La décision du Concile de Trente. Par la Constitution Grave nimis (1483), le pape Sixte IV interdit au XVe siècle aux tenants de l’une ou l’autre position de s’invectiver : ni les uns, ni les autres ne sauraient « se rendre coupables d’hérésie ou de péché mortel, puisque la chose n’a pas encore été décidée par l’Église romaine et le Siège apostolique ». Le Concile de Trente (1545-1563), en publiant son décret dogmatique sur le péché originel, dans lequel il est établi et défini que tous les hommes naissent atteints du péché originel, déclare pourtant d’une manière solennelle qu’il n’a pas l’intention de comprendre dans ce décret la bienheureuse et Immaculée Vierge Marie et approuve la sage mesure de Sixte IV. Par cette déclaration, les Pères du Concile de Trente font entendre que l’Immaculée est exempte de la tache originelle.
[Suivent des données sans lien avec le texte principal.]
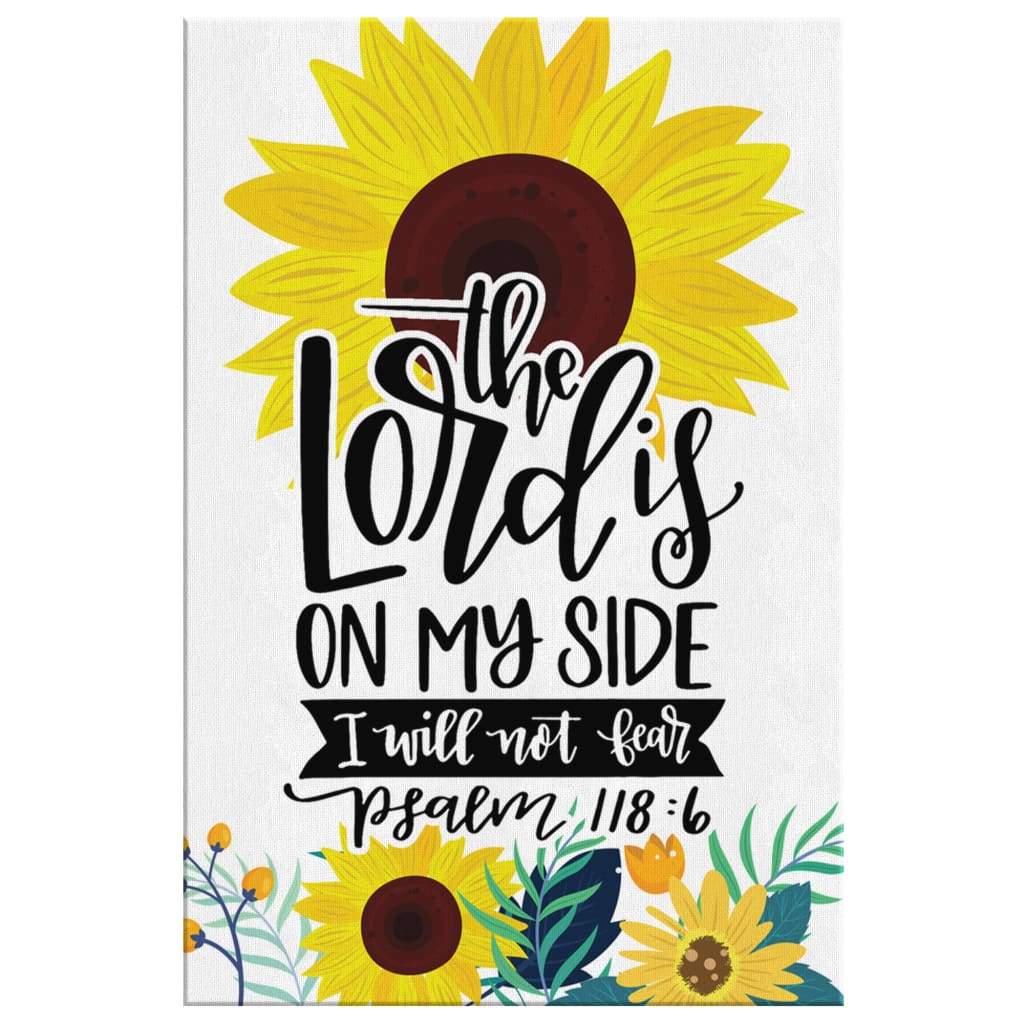 Psalm 1186 The Lord Is On My Side I Will Not Fear Bible Verse Canvas Art - Bible Verse Canvas - Scripture Wall Art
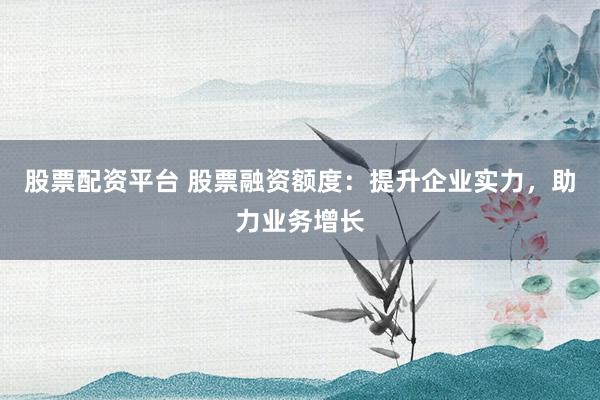 股票配资平台 股票融资额度:提升企业实力,助力业务增长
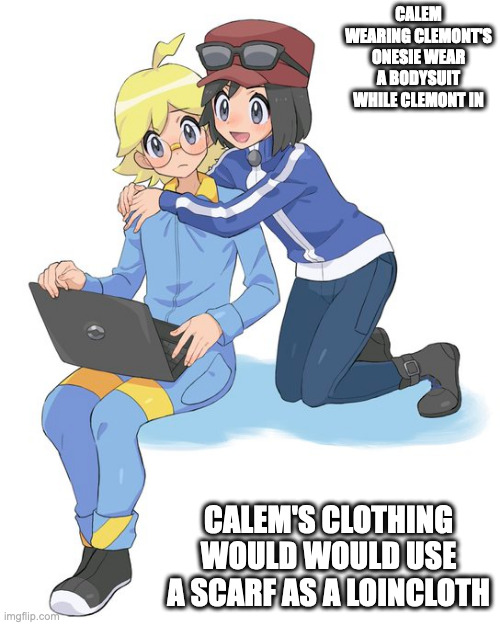 Calem and Clemont | CALEM WEARING CLEMONT'S ONESIE WEAR A BODYSUIT WHILE CLEMONT IN; CALEM'S CLOTHING WOULD WOULD USE A SCARF AS A LOINCLOTH | image tagged in calem,clemont,pokemon,memes | made w/ Imgflip meme maker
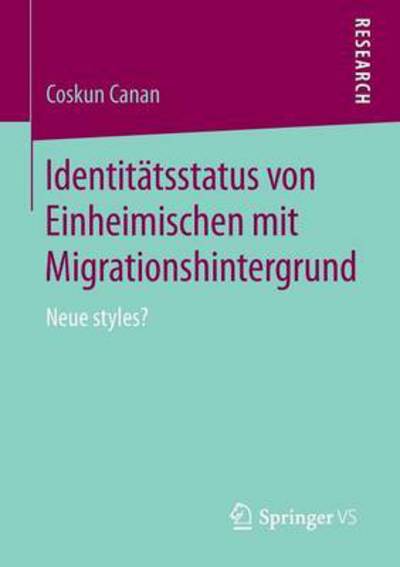 Cover for Coskun Canan · Identitatsstatus Von Einheimischen Mit Migrationshintergrund: Neue Styles? (Paperback Book) [2015 edition] (2015)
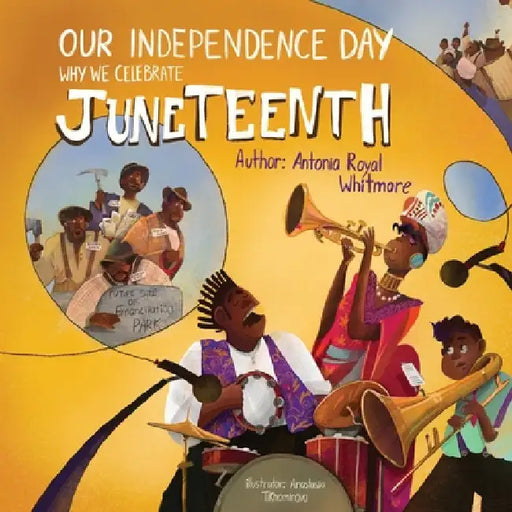 Our Independence Day: Why We Celebrate Juneteenth by Royal Whitmore, Antonia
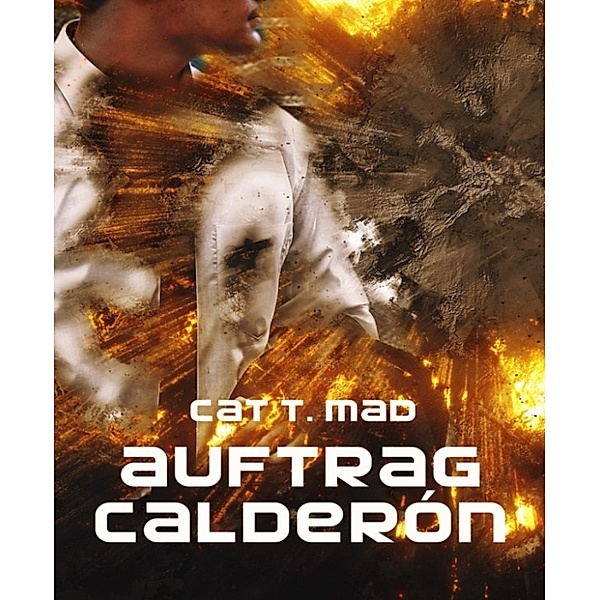Auftrag Calderón, Cat T. Mad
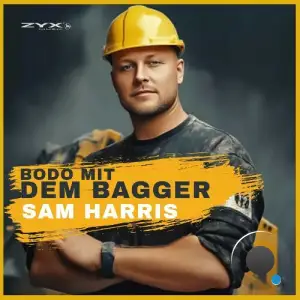 Sam Harris x Madagascar 5 - Bodo Mit Dem Bagger (2025)
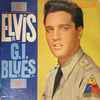 Elvis* - G. I. Blues
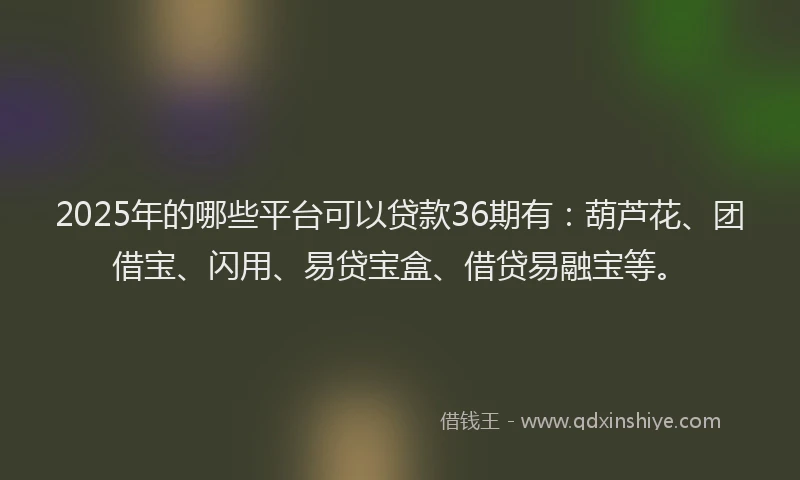 2025年的哪些平台可以贷款36期有：葫芦花、团借宝、闪用、易贷宝盒、借贷易融宝等。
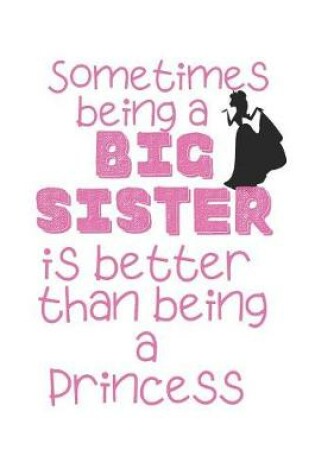 Cover of Sometimes being a Big Sister is better than being a Princess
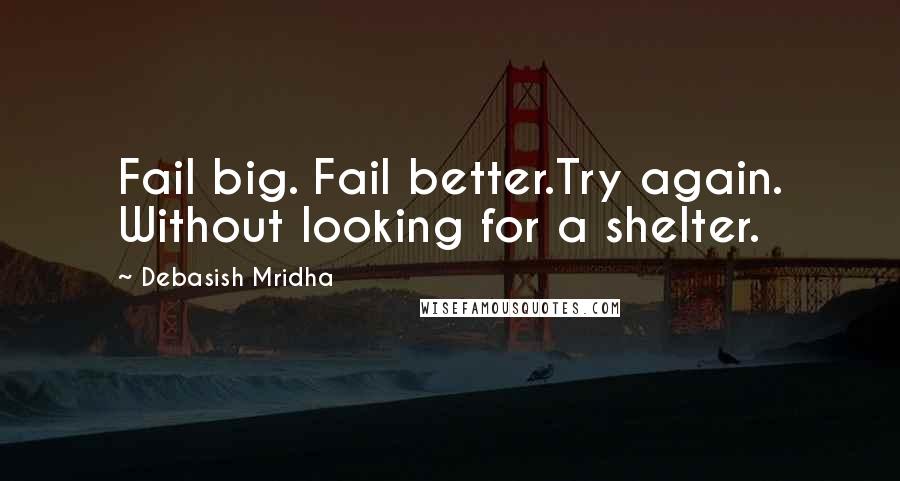 Debasish Mridha Quotes: Fail big. Fail better.Try again. Without looking for a shelter.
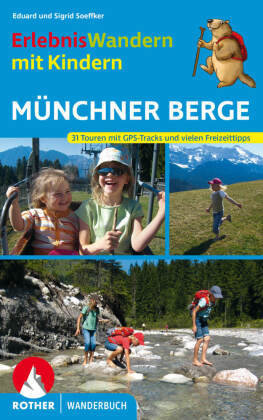 ErlebnisWandern mit Kindern Münchner Berge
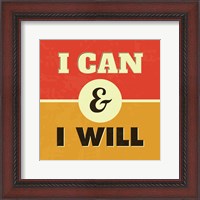 Framed I Can And I Will 1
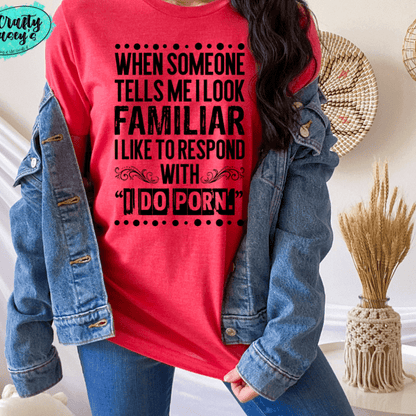 When Someone Tells Me I Look Familiar I Like To Respong With I Do Porn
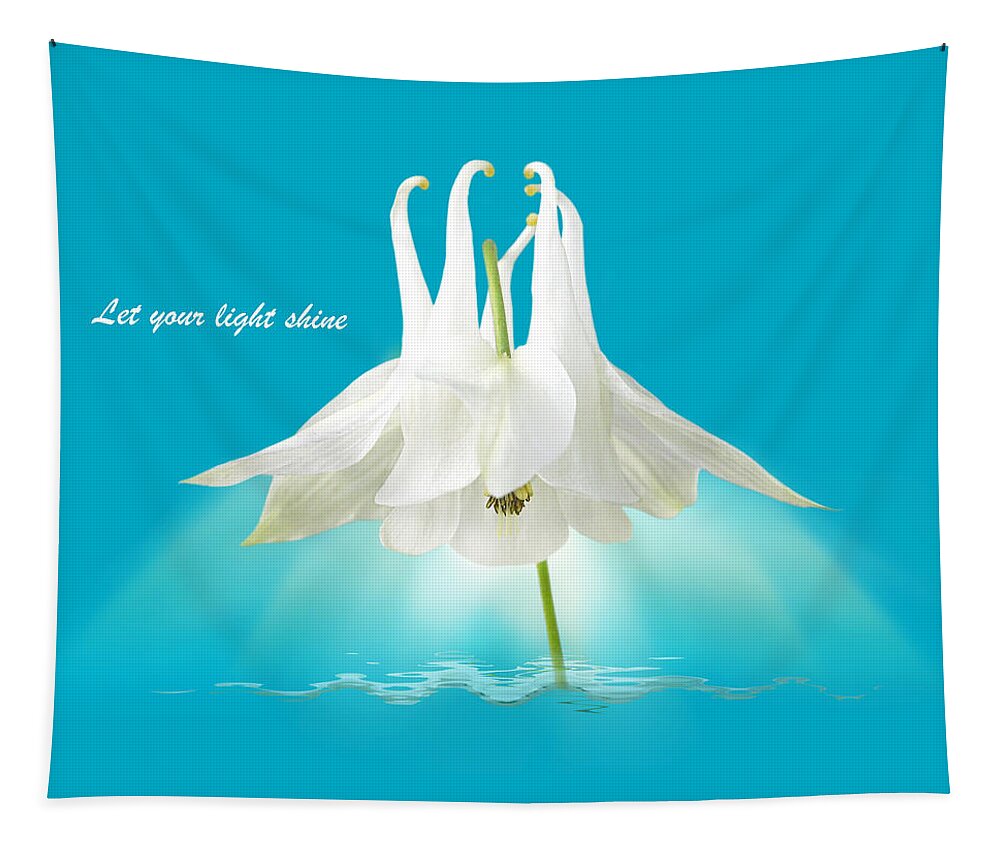 Turquoise Flowers Tapestry featuring the photograph Let Your Light Shine by Gill Billington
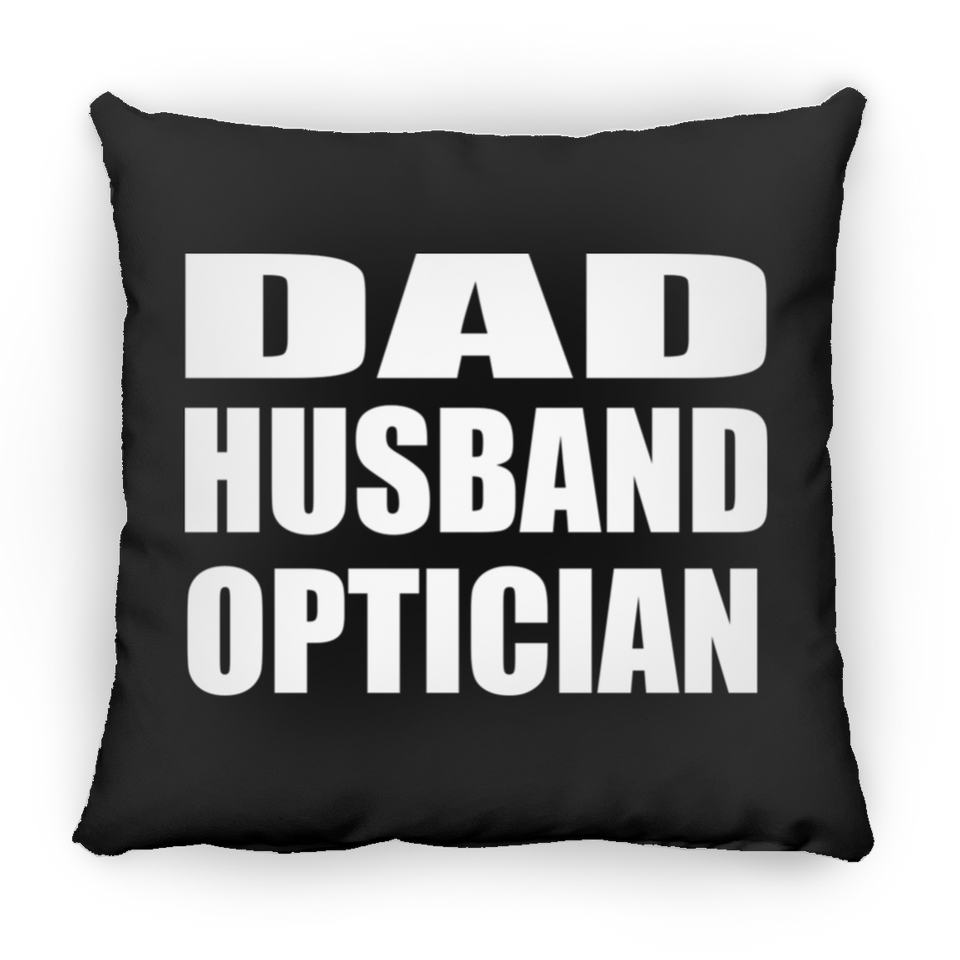 Dad Husband Optician - Throw Pillow Black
Priée avant d’être définie. L’absence de définition dogmatique n’a pas empêché les chrétiens de célébrer la conception de Marie sans péché, inspirés par le récit de l’Annonciation : Marie est « comblée de grâce » (Luc I, 28). Dès les premiers siècles du christianisme, tant en Orient qu’en Occident, on célèbre la pureté de Marie qui est « Panaghia », toute sainte, sanctifiée par l’Esprit-Saint. Selon les lieux, la fête de l’Immaculée Conception apparaît à diverses époques, avant de devenir universelle en 1602. En l’absence de dogme, l’appellation « Marie conçue sans péché » se répand, particulièrement après les apparitions de la rue du Bac à Paris en 1830. La Vierge demande à Catherine Labouré de faire frapper une médaille portant ces mots : « Ô Marie conçue sans péché, priez pour nous qui avons recours à vous. » Sans se prononcer sur les apparitions elles-mêmes, l’archevêque de Paris autorise la frappe de la médaille que l’on dira vite miraculeuse et qui est reproduite à des millions d’exemplaires. Bernadette Soubirous elle-même la portait.